**Task requirements**
Return the lines below in which the string "Cathedral" occurs.

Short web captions
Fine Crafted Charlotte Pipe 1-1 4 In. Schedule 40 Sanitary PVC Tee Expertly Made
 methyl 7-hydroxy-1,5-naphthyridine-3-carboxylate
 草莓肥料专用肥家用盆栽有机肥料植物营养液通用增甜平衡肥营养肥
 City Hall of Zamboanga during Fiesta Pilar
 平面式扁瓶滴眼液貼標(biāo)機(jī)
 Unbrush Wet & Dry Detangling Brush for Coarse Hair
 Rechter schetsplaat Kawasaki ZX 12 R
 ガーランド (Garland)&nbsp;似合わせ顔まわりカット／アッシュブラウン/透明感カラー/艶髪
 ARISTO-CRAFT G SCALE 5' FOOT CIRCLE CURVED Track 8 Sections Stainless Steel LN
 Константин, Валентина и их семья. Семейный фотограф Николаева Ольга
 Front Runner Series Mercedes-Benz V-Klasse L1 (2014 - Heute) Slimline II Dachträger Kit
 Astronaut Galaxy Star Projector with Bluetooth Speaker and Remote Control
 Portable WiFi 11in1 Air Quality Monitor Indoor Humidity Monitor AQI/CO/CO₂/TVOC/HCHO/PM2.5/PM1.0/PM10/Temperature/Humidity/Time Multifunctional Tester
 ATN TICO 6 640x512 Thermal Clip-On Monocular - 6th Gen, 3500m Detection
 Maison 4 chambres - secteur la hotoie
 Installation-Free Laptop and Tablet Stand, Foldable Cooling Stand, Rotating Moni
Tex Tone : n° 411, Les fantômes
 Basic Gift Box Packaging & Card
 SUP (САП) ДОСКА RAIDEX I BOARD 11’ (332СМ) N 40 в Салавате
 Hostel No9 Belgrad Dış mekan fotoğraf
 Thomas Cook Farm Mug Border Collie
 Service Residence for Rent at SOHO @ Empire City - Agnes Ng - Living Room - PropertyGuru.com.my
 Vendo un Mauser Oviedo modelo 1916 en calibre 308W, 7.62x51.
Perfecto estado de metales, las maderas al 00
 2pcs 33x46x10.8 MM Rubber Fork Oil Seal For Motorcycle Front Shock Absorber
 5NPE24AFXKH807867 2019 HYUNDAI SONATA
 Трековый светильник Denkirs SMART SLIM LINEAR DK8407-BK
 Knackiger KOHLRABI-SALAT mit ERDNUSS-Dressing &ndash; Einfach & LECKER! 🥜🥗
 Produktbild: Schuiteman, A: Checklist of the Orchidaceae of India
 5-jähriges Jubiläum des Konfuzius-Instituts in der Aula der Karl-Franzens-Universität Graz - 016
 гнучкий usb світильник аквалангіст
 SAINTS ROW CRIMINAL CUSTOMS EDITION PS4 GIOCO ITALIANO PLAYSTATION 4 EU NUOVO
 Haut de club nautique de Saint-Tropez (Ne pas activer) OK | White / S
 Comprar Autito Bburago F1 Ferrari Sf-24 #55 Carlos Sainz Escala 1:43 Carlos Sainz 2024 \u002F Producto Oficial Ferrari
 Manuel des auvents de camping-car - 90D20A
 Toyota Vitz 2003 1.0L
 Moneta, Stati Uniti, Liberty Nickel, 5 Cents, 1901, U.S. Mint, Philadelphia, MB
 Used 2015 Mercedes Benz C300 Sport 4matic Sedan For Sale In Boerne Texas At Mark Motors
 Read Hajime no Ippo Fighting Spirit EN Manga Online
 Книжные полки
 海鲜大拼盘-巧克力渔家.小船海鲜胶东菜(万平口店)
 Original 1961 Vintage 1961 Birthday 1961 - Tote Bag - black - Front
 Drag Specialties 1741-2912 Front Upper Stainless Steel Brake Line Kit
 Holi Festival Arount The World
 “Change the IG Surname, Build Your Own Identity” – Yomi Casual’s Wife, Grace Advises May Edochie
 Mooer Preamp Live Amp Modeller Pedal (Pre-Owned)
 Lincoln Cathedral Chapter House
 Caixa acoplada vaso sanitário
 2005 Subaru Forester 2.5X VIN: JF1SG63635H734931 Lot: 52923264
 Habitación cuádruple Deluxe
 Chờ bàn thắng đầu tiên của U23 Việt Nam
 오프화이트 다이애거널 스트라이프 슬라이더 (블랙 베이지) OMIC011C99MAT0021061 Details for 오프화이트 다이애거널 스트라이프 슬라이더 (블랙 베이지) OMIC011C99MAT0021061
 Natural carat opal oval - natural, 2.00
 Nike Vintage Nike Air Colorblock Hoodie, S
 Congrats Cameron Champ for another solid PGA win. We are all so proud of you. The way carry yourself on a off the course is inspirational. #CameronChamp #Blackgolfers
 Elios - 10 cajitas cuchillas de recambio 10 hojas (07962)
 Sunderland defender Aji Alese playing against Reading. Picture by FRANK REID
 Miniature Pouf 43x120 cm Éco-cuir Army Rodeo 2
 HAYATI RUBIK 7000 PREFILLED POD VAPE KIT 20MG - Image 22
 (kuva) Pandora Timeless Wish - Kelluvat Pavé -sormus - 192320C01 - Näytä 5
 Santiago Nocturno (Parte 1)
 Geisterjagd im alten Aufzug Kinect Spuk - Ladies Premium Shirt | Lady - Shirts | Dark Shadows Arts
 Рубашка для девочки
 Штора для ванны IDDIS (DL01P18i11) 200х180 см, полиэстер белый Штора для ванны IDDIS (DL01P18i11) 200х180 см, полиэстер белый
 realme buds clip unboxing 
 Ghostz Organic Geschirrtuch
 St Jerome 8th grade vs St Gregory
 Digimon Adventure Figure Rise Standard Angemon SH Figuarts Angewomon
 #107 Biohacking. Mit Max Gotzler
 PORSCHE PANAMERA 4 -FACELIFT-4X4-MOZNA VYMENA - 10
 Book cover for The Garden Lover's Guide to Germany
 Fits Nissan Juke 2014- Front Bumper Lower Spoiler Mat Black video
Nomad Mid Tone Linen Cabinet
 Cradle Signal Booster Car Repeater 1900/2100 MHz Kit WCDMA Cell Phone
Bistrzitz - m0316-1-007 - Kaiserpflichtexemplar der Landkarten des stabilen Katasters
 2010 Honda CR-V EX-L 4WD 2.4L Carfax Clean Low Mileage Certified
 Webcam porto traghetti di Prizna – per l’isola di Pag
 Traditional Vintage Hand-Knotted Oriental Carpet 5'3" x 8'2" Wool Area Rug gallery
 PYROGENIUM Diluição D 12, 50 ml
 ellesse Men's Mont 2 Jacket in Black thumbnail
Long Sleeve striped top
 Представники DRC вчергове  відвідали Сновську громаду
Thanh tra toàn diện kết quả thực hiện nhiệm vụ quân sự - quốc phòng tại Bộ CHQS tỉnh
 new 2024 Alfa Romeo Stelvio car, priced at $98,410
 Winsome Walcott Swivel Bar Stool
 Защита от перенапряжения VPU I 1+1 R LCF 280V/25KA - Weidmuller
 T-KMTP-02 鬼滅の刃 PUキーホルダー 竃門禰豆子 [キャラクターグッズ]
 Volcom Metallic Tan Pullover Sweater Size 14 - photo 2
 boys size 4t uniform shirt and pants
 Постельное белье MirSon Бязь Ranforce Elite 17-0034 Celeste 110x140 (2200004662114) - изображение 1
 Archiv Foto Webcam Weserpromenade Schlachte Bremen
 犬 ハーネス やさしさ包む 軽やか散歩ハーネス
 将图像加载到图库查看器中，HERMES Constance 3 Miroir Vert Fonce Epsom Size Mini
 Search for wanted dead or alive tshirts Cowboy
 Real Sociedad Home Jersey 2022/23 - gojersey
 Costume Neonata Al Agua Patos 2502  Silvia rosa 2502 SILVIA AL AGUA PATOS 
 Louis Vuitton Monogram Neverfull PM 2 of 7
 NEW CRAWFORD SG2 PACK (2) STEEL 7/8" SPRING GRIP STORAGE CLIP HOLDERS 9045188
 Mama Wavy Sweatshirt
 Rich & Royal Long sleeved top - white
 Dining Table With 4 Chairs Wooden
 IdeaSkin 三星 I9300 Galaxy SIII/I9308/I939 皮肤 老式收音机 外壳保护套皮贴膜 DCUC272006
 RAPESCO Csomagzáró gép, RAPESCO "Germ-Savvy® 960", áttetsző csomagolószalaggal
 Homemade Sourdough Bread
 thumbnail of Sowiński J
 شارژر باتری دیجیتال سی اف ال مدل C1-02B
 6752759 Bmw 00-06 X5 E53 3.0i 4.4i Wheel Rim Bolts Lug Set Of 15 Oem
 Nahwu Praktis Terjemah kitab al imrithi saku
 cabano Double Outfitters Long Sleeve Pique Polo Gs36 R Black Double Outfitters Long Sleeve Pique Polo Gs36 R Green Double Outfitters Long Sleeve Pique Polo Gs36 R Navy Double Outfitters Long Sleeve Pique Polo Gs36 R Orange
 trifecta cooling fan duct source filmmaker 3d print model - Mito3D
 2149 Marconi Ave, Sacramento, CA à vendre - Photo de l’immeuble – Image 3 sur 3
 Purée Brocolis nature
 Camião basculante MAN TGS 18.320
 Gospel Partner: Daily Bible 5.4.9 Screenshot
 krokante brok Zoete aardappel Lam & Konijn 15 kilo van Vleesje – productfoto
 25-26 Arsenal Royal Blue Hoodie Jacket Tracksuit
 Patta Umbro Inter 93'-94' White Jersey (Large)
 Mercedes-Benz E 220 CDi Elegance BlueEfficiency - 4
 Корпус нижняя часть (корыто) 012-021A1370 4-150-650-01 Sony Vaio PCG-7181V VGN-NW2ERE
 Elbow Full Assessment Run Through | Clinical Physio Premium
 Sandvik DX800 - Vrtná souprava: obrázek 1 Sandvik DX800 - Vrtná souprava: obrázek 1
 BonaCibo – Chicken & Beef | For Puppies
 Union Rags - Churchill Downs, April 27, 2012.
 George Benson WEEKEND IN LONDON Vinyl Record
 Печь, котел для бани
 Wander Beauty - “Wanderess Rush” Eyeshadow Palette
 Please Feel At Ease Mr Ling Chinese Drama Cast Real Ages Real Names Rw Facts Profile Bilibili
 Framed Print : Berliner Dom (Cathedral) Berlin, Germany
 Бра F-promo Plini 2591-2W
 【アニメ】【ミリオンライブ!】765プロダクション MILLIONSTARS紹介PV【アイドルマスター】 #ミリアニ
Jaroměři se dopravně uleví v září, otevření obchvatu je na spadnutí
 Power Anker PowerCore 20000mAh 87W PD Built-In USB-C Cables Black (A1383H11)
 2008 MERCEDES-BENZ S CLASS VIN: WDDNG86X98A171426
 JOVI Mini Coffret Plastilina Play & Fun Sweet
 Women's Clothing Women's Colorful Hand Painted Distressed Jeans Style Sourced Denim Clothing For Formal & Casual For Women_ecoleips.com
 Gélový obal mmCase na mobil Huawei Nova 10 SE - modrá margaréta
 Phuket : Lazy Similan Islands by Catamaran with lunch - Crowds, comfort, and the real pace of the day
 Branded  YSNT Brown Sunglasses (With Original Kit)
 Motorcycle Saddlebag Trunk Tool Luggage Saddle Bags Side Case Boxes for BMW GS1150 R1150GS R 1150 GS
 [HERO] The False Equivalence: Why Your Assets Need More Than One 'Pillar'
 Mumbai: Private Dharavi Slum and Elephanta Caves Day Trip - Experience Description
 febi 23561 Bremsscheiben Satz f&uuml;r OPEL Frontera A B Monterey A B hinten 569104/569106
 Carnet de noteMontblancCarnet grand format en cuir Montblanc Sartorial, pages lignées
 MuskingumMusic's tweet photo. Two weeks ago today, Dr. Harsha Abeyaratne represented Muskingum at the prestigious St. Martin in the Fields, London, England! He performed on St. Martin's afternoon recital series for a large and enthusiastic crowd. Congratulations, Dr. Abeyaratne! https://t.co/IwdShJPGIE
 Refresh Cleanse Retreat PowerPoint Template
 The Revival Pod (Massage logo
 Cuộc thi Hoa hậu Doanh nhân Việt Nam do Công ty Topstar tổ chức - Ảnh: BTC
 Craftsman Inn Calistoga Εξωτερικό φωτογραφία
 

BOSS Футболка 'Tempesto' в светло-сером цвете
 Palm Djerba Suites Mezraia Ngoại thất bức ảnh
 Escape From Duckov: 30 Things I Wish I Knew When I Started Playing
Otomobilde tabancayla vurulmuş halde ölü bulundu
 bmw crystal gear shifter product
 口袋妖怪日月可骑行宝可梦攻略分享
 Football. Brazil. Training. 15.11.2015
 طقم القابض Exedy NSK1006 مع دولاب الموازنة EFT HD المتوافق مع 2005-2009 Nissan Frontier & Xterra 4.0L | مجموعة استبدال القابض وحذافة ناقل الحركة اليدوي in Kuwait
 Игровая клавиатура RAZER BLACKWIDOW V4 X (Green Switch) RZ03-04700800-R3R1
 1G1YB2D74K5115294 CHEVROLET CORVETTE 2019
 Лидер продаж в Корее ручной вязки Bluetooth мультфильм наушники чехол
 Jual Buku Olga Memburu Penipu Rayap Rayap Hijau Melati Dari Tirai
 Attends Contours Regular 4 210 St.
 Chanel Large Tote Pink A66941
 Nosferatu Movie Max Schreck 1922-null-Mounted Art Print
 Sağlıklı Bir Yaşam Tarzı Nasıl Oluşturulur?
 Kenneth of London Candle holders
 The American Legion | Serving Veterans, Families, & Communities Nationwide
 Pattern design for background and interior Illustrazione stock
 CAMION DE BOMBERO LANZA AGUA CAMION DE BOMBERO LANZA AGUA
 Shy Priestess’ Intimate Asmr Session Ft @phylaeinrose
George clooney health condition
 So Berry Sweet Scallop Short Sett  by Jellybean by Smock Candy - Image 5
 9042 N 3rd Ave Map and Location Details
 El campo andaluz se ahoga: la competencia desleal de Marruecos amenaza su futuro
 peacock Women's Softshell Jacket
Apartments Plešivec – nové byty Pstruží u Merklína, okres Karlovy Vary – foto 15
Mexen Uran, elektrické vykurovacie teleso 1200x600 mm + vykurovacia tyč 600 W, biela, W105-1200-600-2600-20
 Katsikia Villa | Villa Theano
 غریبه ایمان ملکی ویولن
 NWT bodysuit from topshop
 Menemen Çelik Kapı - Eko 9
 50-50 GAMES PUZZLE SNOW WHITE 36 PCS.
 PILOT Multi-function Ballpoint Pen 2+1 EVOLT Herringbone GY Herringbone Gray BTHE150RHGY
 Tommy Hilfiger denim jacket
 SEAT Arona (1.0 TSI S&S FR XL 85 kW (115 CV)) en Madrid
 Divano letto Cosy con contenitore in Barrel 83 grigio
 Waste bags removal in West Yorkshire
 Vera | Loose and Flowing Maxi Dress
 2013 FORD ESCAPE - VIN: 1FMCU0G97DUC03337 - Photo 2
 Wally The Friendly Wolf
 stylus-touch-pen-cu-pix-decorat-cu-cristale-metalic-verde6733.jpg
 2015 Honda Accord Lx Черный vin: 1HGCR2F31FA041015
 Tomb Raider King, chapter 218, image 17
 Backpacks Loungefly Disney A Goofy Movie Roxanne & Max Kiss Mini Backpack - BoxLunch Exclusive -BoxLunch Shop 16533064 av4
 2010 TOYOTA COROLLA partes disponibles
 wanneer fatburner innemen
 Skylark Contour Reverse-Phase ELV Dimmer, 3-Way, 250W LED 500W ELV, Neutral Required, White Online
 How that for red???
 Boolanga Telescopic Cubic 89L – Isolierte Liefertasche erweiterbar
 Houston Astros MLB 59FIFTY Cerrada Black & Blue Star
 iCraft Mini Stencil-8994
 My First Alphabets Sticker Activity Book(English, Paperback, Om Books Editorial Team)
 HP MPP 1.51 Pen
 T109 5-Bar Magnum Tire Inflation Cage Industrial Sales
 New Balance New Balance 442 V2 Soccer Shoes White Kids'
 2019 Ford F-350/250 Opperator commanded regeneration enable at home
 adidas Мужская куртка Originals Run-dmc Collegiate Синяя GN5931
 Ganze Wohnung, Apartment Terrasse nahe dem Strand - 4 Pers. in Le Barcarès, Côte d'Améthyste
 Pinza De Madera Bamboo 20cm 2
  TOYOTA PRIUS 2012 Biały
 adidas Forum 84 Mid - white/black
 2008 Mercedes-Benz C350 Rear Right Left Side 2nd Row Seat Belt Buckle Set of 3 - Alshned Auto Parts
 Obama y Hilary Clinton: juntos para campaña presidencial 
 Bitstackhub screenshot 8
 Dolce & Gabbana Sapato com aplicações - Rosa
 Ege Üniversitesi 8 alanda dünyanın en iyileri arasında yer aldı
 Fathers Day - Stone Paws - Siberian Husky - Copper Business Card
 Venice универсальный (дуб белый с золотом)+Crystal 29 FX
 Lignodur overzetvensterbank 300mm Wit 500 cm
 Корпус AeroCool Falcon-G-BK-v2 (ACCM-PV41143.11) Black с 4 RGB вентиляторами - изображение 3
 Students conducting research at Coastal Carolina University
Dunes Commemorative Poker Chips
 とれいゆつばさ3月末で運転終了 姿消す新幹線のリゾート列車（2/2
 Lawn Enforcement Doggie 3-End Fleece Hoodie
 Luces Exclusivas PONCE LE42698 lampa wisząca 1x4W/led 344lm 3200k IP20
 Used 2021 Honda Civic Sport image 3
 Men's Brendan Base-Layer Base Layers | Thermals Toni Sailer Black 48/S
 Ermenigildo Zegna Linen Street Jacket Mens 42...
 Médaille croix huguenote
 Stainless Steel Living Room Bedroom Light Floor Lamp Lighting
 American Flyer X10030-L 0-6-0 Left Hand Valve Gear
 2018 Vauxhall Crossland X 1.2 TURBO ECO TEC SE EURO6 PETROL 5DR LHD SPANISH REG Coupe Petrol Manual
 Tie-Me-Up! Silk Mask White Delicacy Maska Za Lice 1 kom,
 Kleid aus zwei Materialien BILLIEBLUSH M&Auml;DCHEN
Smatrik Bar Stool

**Task result**
 Lincoln Cathedral Chapter House
 Framed Print : Berliner Dom (Cathedral) Berlin, Germany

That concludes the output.